Decisão Texto Integral: Acordam os Juizes da Secção Social do T. Relação de Coimbra
A..., instaurou acção especial emergente de acidente de trabalho contra B... e contra a C..., ambos com os sinais dos autos, pedindo a condenação dos RR:
ao reconhecimento de que auferia €81, 40 mensais a título de subsídio de alimentação; ao reconhecimento do nexo de causalidade entre o acidente e as lesões constantes do auto de exame médico;
do primeiro réu a paga-lhe uma pensão anual e vitalícia agravada e actualizável que vier a ser fixada a partir de 01/02/16, a liquidar em 14 prestações mensais, iguais e no seu domicílio, sendo a 13ª e 14ª nos meses de Maio e Novembro, respectivamente e ainda a pagar-lhe a título de indemnização por I.T.A agravada, desde a data do acidente 01/02/15, montante de € 7 552, 74, bem como, € 5 000 a título de danos não patrimoniais.
Ou, em alternativa a condenação da segunda ré caso seja declarada culpada e, esta ainda nas despesas com tratamentos transportes dias de trabalho no montante de € 1 724, 90.
Alegou para tanto e em síntese, que no dia 23 de Novembro de 1999, por volta das 9 h, quando trabalhava na construção de uma moradia em Guarda Gare por conta do 1º réu, colocando a telha, escorregou e caiu ao solo, de uma altura de 5 m;
em consequência do acidente sofreu as lesões constantes do auto de exame médico; donde lhe resultaram I.T.A, internamento hospitalar, e uma I.P.P de 8/% que não aceitou;
o acidente resultou pelo facto de o 1º réu ter violado as regras de segurança na construção, dado que não existiam guarda-corpos e guarda-cabeças, situação que levou á sua queda em altura;
o primeiro réu tinha a responsabilidade transferida para a Seguradora, a qual, não aceitou a responsabilidade, exactamente por causa da violação das normas de segurança.

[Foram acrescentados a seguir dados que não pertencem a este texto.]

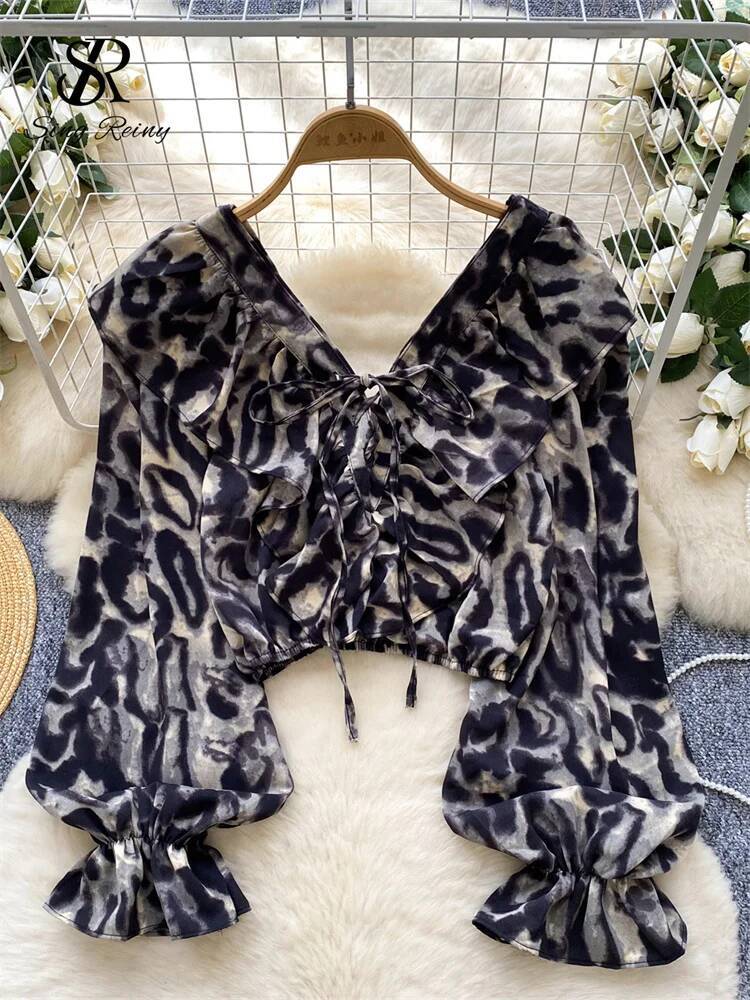 2025 Fashion Leopard print Chiffon Top for Women, V-neck Trumpet Sleeves, Unique Umbilical Top, Autumn French Retro Printed Mini Shirt, Designer Top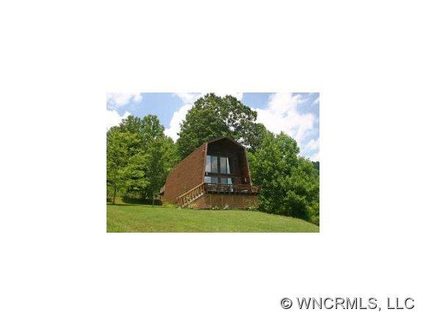 182 Dahlia Lane sold home in Mountain Valley Estates, Waynesville, NC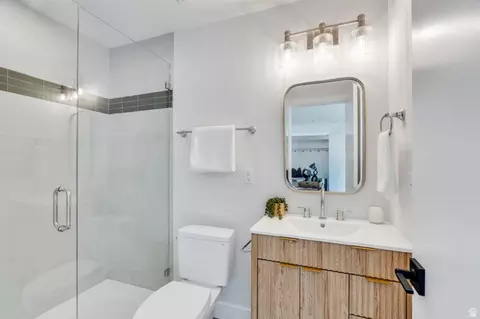 Bath - 3813 N Foothill Dr, Provo, UT 84604 photo 6 of 11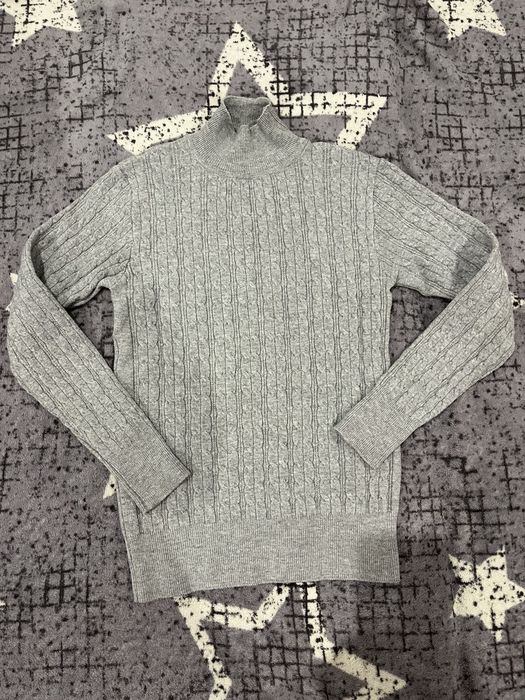 Светрики для дівчинки на ріст 146-152 см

Contestaram os réus.
O primeiro, alegando que o acidente se deveu única e exclusivamente á culpa do autor, porquanto no dia do acidente o telhado da obra encontrava-se coberto de gelo e geada; e por haver risco de o autor cair, foi-lhe ordenado que, da parte da manhã e enquanto a geada não derretesse, não deveria ir trabalhar para o telhado, mas sim que ocupasse o tempo a chapiscar massa na parede exterior do rés-do-chão da casa;
O A todavia desobedeceu a tais ordens, embora tivesse constatado e verificado a situação do telhado, pelo que só a ele se deve a ocorrência;
além de que, toda a bordadura da lage onde o A. se encontrava a trabalhar se encontrava protegida com guarda-corpos; só não existiam guarda-cabeças porque a sua implantação era impossível em termos técnicos, uma vez que impossibilitavam a colocação das telhas.
A segunda ré alegou que, se o A. tivesse acatado as ordens da entidade patronal não teria escorregado e caído; além de que, a contestante apenas se responsabilizou, conforme consta do contrato de seguro, aceite pelo co-réu, desde que fossem cumpridas todas as normas e regulamentos de higiene e segurança em vigor para a sua actividade- construção civil;
Ora a verdade é que tal não sucedeu( nomeadamente não havia guarda corpos ), pelo que entende não poder ser responsabilizada pelo pagamento das prestações infortunísticas.
Prosseguindo o processo seus regulares termos foi proferida decisão que:
- Absolveu a ré seguradora a qual (segundo foi entendido) apenas poderá eventualmente ser responsabilizada subsidiariamente no âmbito do disposto na Base X L III, nº4);
- condenou o empregador a pagar ao A:

-€ 8. 252,62 de I.T. A.

- uma pensão anual e vitalícia no valor de € 847,74 devida desde 02.02. 16 até 02.12. 31, sendo remível a partir de 03.01.01

- € 1.620, 90 de despesa de transportes e alimentação, com deslocações obrigatórias ao Tribunal aos serviços médicos da seguradora em Coimbra e sessões de fisioterapia em Gouveia e Seia-.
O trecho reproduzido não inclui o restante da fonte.